Sıkıştırılan varlık iki psikolojiden birini yaşar. Korku içinde boğulmak ya da ölümü pahasına kendisini sıkıştıran varlığın üzerine yürümek. Korku sınırının aşıldığı noktada korku büyük bir güce dönüşür. Eğer gelecek belirsiz ise, sadece geçmiş değil gelecek de çalınmışsa, eğer yaşamak, yaşamı değerli kılmıyorsa, yaşamı değerli kılmak için insanlar kendilerinden geçmeyi göze alırlar.
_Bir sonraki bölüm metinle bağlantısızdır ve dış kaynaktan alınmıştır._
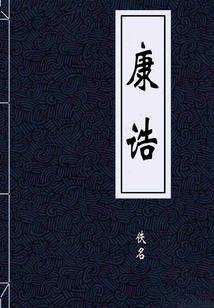宝可梦之波导少年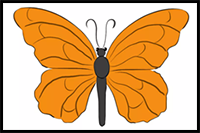 How to Draw a Butterfly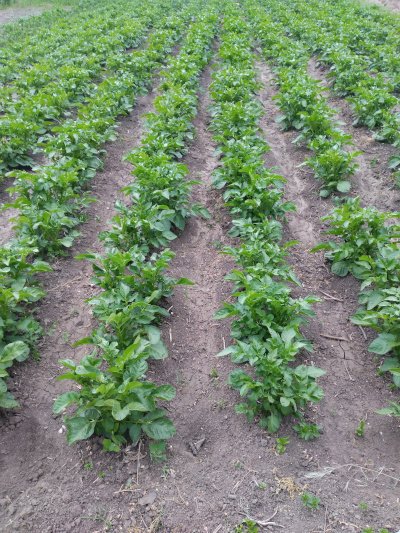 Обработваме земя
Ölümden korkmayan bir insanı, ölüme bağışıklık kazanmış bir insanı neyle korkutabilirsiniz? Eğer insanlara varlığını sonsuza adayacak ölümden başka bir şey bırakılmamışsa. Korku engelinin aşıldığı noktada, hiçbir korku yoktur.
 
Muhammed, / Babasının kucağına sığınmış ürkek bir kuş / Korkuyor göğün cehenneminden: / Koru beni babacığım, yukarda uçuşanlardan / Benim kanatlarım küçük, dayanmaz bu rüzgara / Ve ışıklar kör /
Muhammed, / Eve dönmek istiyor sadece / Bisiklet istemiyor, / İstemiyor yeni bir gömlek / Okul sırasına ulaşmak istiyor sadece / Sarf ve nahiv defterine… / Al beni babacığım, götür evimize / Ödevimi yapayım / Tamamlayayım ömrümü yavaş yavaş / Denizin kıyısında, hurmanın gölgesinde / Daha fazlası değil, daha fazlası değil.”*
 
* Filistinli mülteci şair Mahmud Derviş’in İsrail askerlerinin kurşunlarıyla öldürülen Muhammed’in anısına yazdığı şiirden.